44. Malam Pertama

1.3K 208 9
                                    

IMEL

Mau lepas kakiku rasanya.

Gila ya! Resepsi pernikahan tuh super duper melelahkan!

Kakiku keram, pegal yang... ah susah dijelasinnya. Pokoknya napak ke tanah aja tuh sakit. Sumpah!

"Aku capeeek!" keluhku.

"Sabar yaa, bentar lagi kita sampe rumah kok," ucap Tara.

"Kamu punya sendal empuk gak? Kaki aku sakit kalau napak," kataku.

"Ya gak usah napak,"

"Terbang gitu? Dikata aku kunti apa gimana neeeh?"

"Ya digendong maksudnya, sensi amat sih Non? Baru 8 jam jadi istri, udah mendalami peran aja kamu,"

"Hih!"

Kulihat Tara cuma geleng-geleng kepala aja. Satu yang kuperhatikan seharian ini adalah dia senyum terus, sumpah! Meskipun sesekali pas salaman sama tamu dia bisik-bisik 'itu siapa yang barusan sok akrab banget?' tapi tetep, dia senyum, dia ramah ke semua tamu undangan kami.

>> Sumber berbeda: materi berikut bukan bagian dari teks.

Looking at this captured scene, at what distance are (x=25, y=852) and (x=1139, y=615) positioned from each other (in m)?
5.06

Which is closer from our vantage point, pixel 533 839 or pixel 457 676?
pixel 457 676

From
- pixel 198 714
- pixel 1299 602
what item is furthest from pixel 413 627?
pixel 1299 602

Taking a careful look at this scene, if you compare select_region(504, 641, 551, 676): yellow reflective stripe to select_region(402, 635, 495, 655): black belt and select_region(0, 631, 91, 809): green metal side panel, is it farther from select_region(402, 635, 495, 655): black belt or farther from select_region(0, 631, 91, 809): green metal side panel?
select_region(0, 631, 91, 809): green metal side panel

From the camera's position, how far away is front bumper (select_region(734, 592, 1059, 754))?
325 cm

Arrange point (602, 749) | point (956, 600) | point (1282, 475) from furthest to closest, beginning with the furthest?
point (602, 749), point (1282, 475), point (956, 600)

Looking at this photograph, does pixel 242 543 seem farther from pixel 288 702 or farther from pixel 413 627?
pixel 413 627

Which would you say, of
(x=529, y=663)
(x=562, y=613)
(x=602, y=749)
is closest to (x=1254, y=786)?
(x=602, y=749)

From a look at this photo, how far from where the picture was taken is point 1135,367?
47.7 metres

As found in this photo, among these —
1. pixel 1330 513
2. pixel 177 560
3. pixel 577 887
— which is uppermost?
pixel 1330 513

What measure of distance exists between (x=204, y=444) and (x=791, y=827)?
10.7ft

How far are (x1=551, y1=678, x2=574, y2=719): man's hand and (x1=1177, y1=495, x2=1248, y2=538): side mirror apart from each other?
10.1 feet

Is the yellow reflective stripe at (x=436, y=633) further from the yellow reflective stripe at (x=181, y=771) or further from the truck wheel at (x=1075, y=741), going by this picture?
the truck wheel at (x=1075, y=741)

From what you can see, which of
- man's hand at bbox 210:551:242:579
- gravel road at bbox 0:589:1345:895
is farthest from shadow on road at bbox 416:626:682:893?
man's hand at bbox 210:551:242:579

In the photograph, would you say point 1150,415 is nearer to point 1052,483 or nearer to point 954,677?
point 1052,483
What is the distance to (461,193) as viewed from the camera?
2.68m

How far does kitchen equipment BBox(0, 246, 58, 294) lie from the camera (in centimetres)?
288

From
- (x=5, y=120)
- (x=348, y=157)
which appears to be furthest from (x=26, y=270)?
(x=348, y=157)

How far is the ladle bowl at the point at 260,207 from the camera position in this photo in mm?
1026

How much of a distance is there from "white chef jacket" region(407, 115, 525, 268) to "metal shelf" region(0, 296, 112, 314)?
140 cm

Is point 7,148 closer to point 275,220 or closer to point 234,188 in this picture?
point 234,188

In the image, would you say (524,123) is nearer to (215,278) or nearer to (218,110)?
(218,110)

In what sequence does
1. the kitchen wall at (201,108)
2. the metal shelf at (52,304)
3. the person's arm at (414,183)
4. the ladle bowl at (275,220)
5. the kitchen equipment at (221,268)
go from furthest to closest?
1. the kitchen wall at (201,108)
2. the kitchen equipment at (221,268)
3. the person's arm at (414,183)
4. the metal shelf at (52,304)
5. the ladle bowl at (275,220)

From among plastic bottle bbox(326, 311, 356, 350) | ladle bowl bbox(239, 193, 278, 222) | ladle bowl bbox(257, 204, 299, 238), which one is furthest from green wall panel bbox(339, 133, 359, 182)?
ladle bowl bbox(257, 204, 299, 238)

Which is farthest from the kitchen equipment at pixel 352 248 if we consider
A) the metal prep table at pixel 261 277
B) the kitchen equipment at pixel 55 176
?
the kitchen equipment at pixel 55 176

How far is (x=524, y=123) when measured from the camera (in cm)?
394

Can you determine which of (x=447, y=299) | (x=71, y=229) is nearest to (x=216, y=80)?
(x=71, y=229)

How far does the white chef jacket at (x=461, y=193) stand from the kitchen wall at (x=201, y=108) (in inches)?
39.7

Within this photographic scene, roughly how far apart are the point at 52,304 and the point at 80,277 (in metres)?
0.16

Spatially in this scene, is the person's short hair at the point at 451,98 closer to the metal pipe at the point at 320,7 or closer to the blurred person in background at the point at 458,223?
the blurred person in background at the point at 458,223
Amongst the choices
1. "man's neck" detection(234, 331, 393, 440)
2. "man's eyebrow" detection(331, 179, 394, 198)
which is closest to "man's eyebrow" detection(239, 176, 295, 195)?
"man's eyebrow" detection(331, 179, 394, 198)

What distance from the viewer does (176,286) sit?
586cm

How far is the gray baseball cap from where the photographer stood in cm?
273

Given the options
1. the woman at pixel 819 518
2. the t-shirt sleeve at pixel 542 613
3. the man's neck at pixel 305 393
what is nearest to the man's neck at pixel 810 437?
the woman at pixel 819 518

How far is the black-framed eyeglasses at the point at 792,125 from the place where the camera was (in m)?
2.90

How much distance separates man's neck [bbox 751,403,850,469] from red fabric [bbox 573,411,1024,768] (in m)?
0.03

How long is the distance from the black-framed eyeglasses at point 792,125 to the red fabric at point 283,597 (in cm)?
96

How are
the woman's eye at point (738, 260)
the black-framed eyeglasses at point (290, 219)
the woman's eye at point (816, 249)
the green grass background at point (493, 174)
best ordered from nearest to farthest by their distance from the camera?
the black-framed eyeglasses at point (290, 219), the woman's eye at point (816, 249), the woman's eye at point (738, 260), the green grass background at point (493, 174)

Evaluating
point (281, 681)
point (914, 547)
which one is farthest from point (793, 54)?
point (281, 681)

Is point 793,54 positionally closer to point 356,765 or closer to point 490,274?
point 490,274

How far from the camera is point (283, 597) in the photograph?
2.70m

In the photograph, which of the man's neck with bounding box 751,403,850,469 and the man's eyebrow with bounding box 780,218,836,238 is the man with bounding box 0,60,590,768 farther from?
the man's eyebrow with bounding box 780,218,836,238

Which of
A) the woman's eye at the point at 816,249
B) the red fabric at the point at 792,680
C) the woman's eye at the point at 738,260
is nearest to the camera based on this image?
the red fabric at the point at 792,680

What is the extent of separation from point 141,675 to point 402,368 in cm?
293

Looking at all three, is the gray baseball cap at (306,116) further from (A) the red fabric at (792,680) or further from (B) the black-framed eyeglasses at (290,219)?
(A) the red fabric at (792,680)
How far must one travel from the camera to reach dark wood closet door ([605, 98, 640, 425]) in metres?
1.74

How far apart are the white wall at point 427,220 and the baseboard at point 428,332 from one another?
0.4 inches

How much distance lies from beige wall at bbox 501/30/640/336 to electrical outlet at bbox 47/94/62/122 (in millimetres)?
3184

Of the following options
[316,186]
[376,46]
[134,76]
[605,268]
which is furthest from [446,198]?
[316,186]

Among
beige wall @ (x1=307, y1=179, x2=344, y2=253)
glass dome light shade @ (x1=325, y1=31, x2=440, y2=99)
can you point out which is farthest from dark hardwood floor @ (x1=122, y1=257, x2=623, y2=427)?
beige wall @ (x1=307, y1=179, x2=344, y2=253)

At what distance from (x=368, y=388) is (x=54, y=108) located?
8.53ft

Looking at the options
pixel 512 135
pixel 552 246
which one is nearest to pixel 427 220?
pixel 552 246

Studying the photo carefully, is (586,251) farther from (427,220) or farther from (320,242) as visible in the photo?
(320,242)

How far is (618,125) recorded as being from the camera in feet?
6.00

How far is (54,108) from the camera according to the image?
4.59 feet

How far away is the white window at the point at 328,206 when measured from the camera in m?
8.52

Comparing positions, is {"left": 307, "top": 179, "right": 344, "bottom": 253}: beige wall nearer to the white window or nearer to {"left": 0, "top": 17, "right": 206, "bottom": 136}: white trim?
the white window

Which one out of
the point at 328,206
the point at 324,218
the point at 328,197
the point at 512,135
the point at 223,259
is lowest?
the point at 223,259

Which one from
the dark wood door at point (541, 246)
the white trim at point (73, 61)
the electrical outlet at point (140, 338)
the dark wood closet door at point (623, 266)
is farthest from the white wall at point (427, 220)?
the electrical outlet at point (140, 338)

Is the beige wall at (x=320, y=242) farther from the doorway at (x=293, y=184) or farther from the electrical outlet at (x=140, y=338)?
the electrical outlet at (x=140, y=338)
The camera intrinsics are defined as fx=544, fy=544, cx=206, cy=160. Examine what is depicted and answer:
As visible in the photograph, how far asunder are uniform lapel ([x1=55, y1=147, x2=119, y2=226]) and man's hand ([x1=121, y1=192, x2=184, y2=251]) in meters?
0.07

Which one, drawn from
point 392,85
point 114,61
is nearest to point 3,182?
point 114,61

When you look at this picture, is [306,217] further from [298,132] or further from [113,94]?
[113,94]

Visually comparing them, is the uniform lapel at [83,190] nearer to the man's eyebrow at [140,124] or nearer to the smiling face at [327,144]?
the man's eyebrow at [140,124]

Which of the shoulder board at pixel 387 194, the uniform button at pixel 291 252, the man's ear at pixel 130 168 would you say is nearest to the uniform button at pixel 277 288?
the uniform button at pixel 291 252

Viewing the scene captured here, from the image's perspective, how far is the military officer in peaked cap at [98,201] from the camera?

Harusnya ini tuh kami pulang gak ke rumah, tapi ke hotel. Cuma ya... aku beneran capek, kebayang mau istirahat, kalau di hotel cuma 2 hari terus rusuh beberes balik ke rumah... ya mending sekalian ke rumah aja gitu. Jadi lah kamar hotel yang harusnya aku dan Tara tempati jadi diisi oleh Kak Lia dan Kak Randy.

Aku sedang terpejam ketika mobil ini berhenti, begitu membuka mata kulihat Tara turun dari mobil untuk membuka pagar. Ya, rumahnya kosong jadi gak ada yang bisa dimintai tolong buat bukain pintu pagar.

"Ayok sini, mau digendong gak?" tanyanya ketika mobil sudah terparkir sempurna, Tara juga sudah menutup pagar kembali.

"Jalan aja deh, Mas."

"Katanya kakinya sakit?"

"Ya bisa lah pelan-pelan," kataku, lalu turun dari mobil.

Meskipun berjalan sendiri Tara tetap berjalan menggandengku.

"Kayak nenek-nenek ya? Jalan dituntun gini," kataku.

"Hahahaha nenek-nenek cantik," sahutnya.

Kami masuk ke dalam rumah, dan begitu melihat sofa di ruang tamu, aku langsung menjatuhkan diriku di situ. Sumpah! Capek banget.

"Heee? Kenapa di situ?"

"Rebahan dulu aku, sumpah, punggungku sakit banget, mau rebahan bentar, pegel banget Mas,"

"Mau mandi air anget gak? Kalau mau aku siapin bathup-nya," tawarnya.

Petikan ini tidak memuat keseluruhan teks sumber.